Two iconic national parks that have successfully implemented Preventive Search and Rescue programs are Grand Canyon and Yosemite. Austin served as a ranger at each.
At Grand Canyon, the program was established in 1997 “with the mission of reducing visitor injury, illness and death during the hottest summer months.”
Yosemite’s program “focuses on educating visitors to use backcountry common sense, swift-water safety and public enjoyment of waterfalls from a distance.”
Glacier National Park Conservancy has approved a grant of $67,750 for the 2019 Preventive Search and Rescue program to fund paid positions and add volunteers to “interact with visitors to prevent common problems before they begin.” Mitchell said 2019 grant funds are released by the conservancy board periodically as additional money is raised.
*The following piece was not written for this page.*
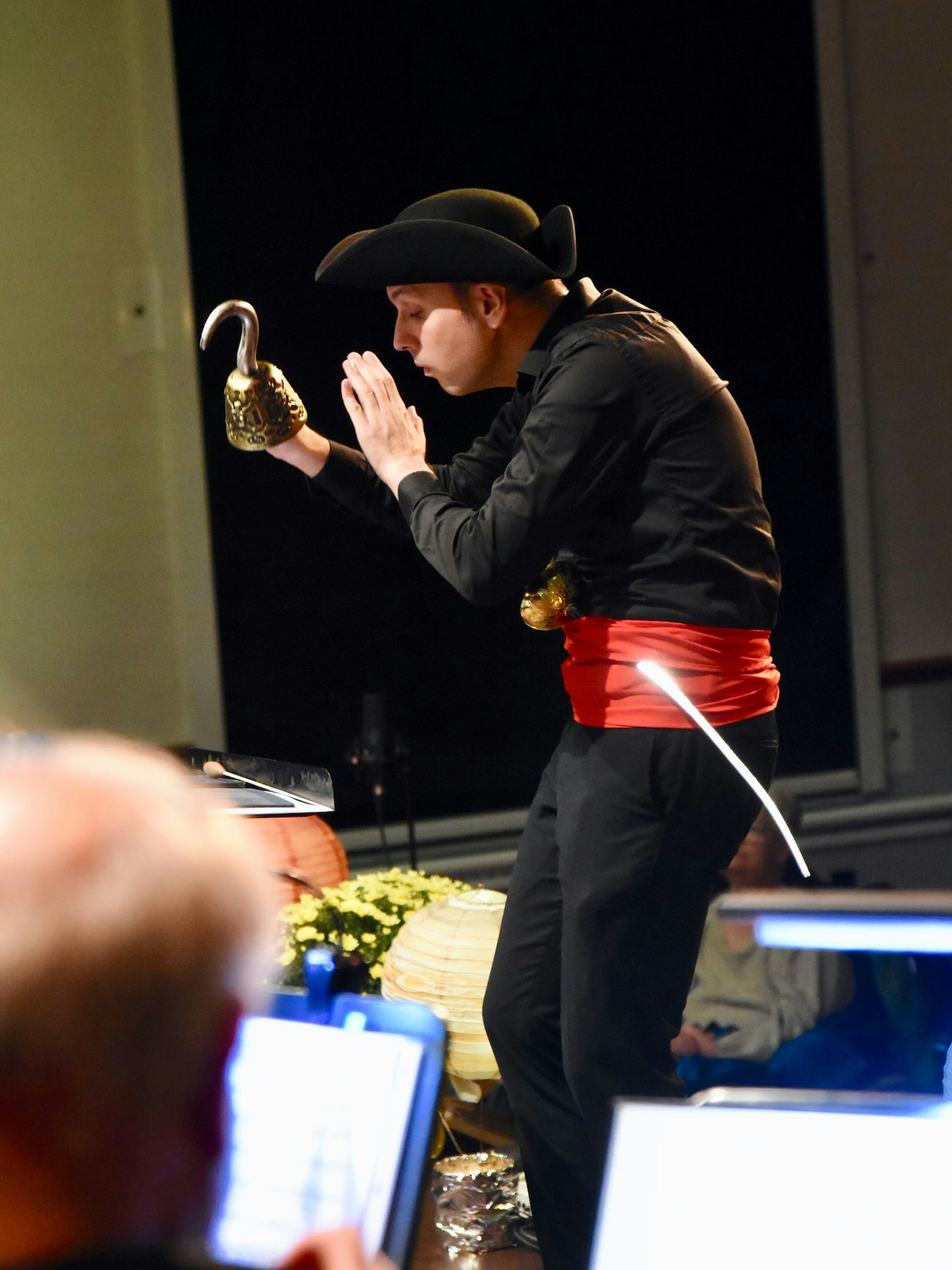 Ein Mann in Schwarz dirigiert ein Orchester mit Hakenhand, Säbel und Dreispitz.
The conservancy notes that “data from other parks with similar programs shows that just making sure hikers have proper gear, sufficient water, and are aware of the adventure on which they are embarking can decrease search-and-rescue calls by as much as 45 percent.”
Signage plays a role.
A sign at the trailhead to Sperry Chalet warns that wildfires have reduced shade and that the trail will be much hotter than in years past and hikers should take heed.
Meanwhile, this season, like many others, more than a few visitors intent on capturing a wildlife photo abandoned their vehicles in the smack-dab middle of the Going-to-the-Sun Road, doors wide open.
A “bear jam” of years past can’t be compared to the modern jam that occurs in the context of annual visitation hovering around 3 million people, Austin said.
“Ten or 15 years ago, a ‘bear jam’ might just affect 10 or 15 people,” he said. “Now, it’s causing a huge gridlock.”
And tying up rangers who might be needed elsewhere. At the peak of the season, Glacier has about 50 law enforcement rangers.
“Does a law enforcement person have to be the person handling wildlife interactions or can another person be trained up to do that?” Austin said.
The “Wildlife Jammers” program was created toward this end. Grants of $16,000 in 2017 and $32,500 in 2018 from the Glacier National Park Conservancy paid for training and hiring of paid staff and volunteers to respond to wildlife jams, with an aim of educating visitors about keeping a safe distance from wildlife and of politely moving motorists along.
The conservancy has approved for 2019 a grant of $112,990 to continue the program with eight paid positions and additional volunteer positions. To date, the organization has released $68,000 of that amount and it will release additional funds for this and other 2019 grant projects as fundraising progresses, Mitchell said.
Austin acknowledged that some visitors obsessed with getting the perfect grizzly photo might ignore someone not equipped with a badge and gun.
“They’re not going to be working independently,” he said, noting a ranger can be summoned when necessary.
There are times when a crowded park requires trained law enforcement intervention, he said, such as when a fist fight breaks out over a Logan Pass parking spot or a domestic dispute erupts in a campground.
The “Wildlife Jammers” program intends to help Glacier do more with less.
In fiscal 2010, Glacier National Park’s base budget was about $14.4 million. In 2017, the year visitation at Glacier National Park exceeded 3.3 million people, the base budget was $13.86 million.
For the current fiscal year, the base budget is about $14.07 million. That figure is reduced by about $200,000 to help fund supporting regional offices and offices in Washington, D.C.
John Garder, senior director of budget and appropriations for the National Parks Conservation Association, said funding for national parks is a major concern for the association.
“The budget for the National Park Service has been inadequate for so long, and visitation has so consistently been increasing, that we’re worried about the long-term preservation of our parks and the opportunities for visitors to enjoy them,” Garder said.
He said funding for national parks remains below what it was in 2010, even after recent congressional increases.
“Those increases were very helpful, but lawmakers need to better prioritize national treasures like Glacier, for the sake of both our heritage and the local economies that depend on their well-being,” Garder said.